Google had complained in the past when I didn't allow page=all - and then complained if the meta data was the same for a category/subcategory page and page=all (you had helped with that in another thread some time ago, but I have not tried to port that fix to v6 yet)

bsmither · April 3, 2015

So far, I am only interested in the Disallow: directives. Since page= is not an SEO path (it's a part of the querystring, and maybe canonical), it will not be caught.

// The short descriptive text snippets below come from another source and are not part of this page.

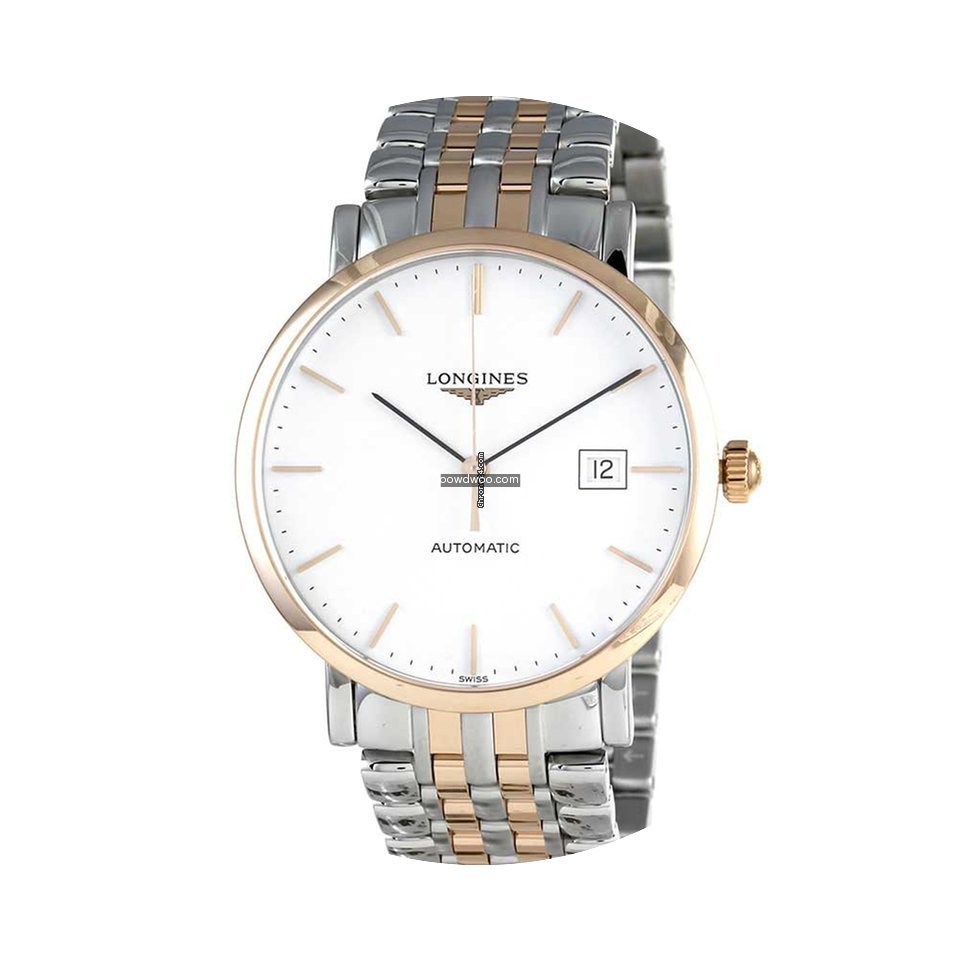 Longines Elegant Two Tone L49105127...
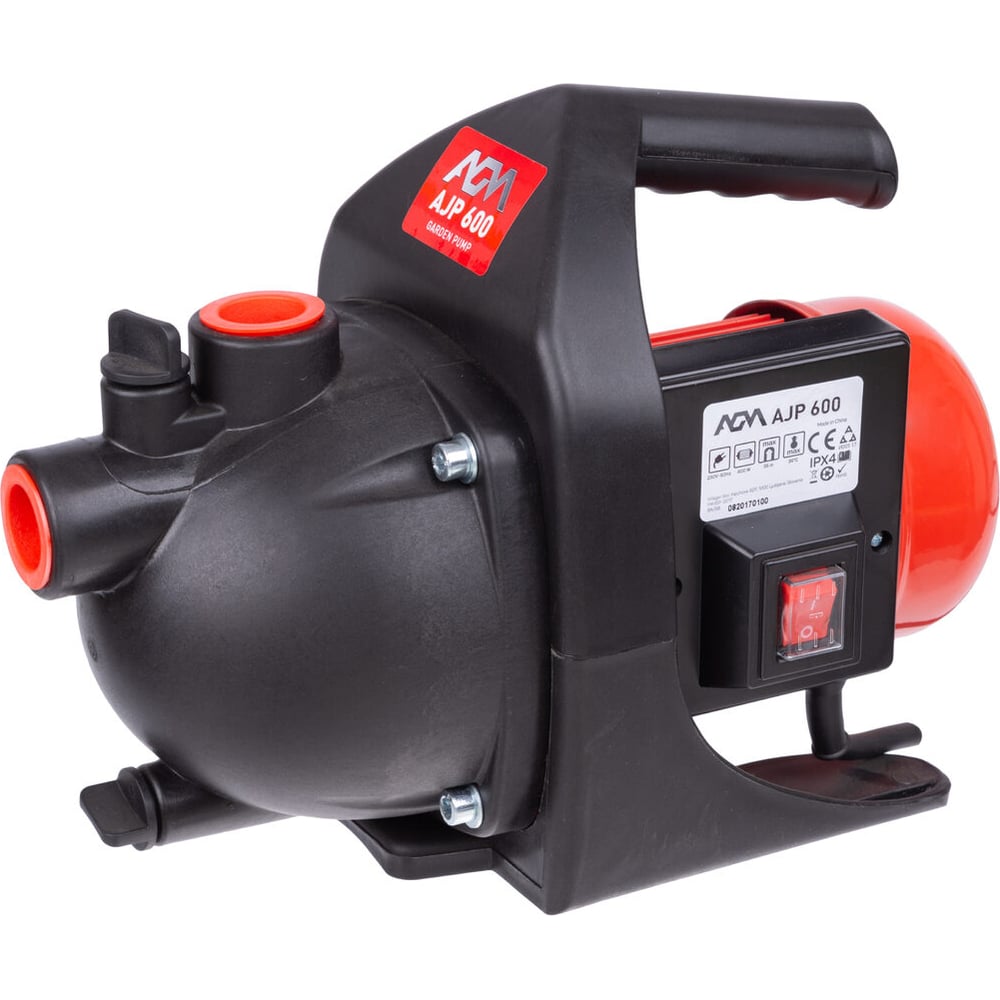 Изображение товара Садовый насос Villager AGM AJP 600 035232 с центробежной конструкцией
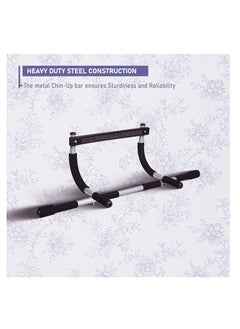 ENDLESS  Curved Pull Up Bar for Home Wall | Stainless Steel | For Strengthening | Upper Body Workout |Exercises at Home or Gym with Anti-Skid Cushion Grip | Unisex  - Image 2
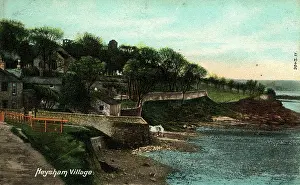 Morecambe: The Village, Heysham, Lancashire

I do not understand how page=1, page=2, etc could even get in the sitemap. A robot may find those links on its own and index them, but not from the sitemap -- unless I'm missing something.

I haven't experimented with the ajax More bar, but if it behaves as I think it does, it is javascript-powered. Thus, a spider, depending on it's sophistication, may or may not execute that javascript as it scans the HTML.

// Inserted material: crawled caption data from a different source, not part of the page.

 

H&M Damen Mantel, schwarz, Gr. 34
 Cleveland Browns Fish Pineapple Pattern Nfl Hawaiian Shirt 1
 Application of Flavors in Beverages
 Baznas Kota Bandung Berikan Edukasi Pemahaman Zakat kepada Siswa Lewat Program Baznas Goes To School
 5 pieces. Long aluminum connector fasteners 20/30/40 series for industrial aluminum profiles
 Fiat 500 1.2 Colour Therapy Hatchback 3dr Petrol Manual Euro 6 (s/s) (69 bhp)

That being assumed, I wonder if a spider will eventually see all the content (More..., More..., More..., for how many times until it gives up) that a page=all page would otherwise provide.

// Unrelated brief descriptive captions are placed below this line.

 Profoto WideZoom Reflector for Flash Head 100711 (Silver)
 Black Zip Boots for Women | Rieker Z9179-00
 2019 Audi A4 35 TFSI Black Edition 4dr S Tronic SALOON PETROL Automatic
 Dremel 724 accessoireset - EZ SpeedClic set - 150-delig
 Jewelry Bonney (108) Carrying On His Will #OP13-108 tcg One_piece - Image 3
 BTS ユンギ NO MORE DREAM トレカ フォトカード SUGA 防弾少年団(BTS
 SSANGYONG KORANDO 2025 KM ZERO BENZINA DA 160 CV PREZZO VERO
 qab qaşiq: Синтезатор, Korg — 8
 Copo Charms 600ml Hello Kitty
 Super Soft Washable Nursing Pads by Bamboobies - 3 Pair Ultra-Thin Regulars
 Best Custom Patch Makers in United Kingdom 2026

Dirty Butter · April 3, 2015

I would love to be able to Disallow page=all as well, as it's a nuisance issue that for some reason or other Google considers important. I'll try your code fix above and see what Google says over the next month or so. Then I'll return to this thread to see how Google reacts to it.

Dirty Butter · April 3, 2015

Well, it didn't work for me on either store. I thought it might be because our plush store is not at the root, but the estates store IS at the domain root. Neither sitemap omitted something I had intentionally disallowed from the respective robots.txt file as a test.

Since dirtybutterestates.com is a simpler setup, I used $glob['robots_path'] = '/dirtybutterestates.com/robots.txt'; in global includes.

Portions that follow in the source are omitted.